Call me crazy, but the day I named her Cassandra, I also started giving her nice things to wear. Some days, when she is fierce and hot, I picture her in a hard hat, and other days—like maybe today—I think of her in a lacy dress and invite her for tea. I tell her to imagine she has been given the most delicate and beautiful of my china cups, the one I hang on the hook over the stove.
“I will not forsake you,” I say to Cassandra. “I know you came for a reason, even though I’ll be goddamned if I can figure out what that is.”
Last week, when I got back from the wedding, on a day when I was nearly doubled over in pain, I gave myself a huge reward for making it through and to celebrate meeting Marnie. I told Houndy and Lola that I’d found the person I’d been waiting for all my life, the someone I probably knew from many other lifetimes, and who was my spiritual daughter. And then I painted the refrigerator bright turquoise. I was so proud of myself for not letting anyone in my family know that I am dying that I had to paint the refrigerator as my own little reward.
Houndy—sweet old family-oriented Houndy—thinks I should just tell my family about the mass. “Why not?” he says. “Don’t they deserve to know? Maybe they’d want to be nicer to you.”

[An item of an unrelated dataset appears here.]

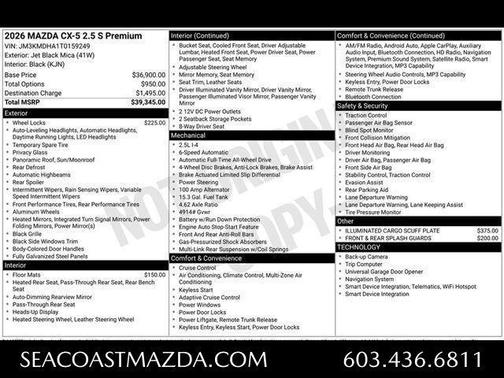 Jet Black Mica 2026 Mazda CX-5 Preferred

Ha! My family wouldn’t want to be nicer to me. They’d want me locked up in some hospital, treating Cassandra with needles and knives and making me talk to doctors, people who would speak to me in that condescending, medical way, people with clipboards and appointment books and computers. Office assistants who would speak too loudly in my presence, as if Cassandra had somehow interfered with my ability to hear.
No thank you. I went to the doctor and got my diagnosis, which I will not dignify by using its medical terminology, because to say the words makes it feel fatal and incurable, and I refuse to go with that. Except I will say this: I got up from the examination table, and put my clothes back on, thank you very much, and I tore up the pieces of paper they gave me—the treatment plan—and I walked out. And I will not go back.
If Cassandra leaves my body—and she may, it could still happen—it will be of her own volition, and this will be the reason: our work together is done. I don’t want to die, but neither am I afraid. I won’t use chemotherapy or put poison into my body. I won’t suffer. Instead, I have taken energy drinks and done chants; I have consulted a shaman in an African village online; I have buried talismans and sowed seeds and performed yoga poses at midnight under a full moon. I have danced and primal screamed and practiced laughing out loud and had massages and acupuncture. And Reiki.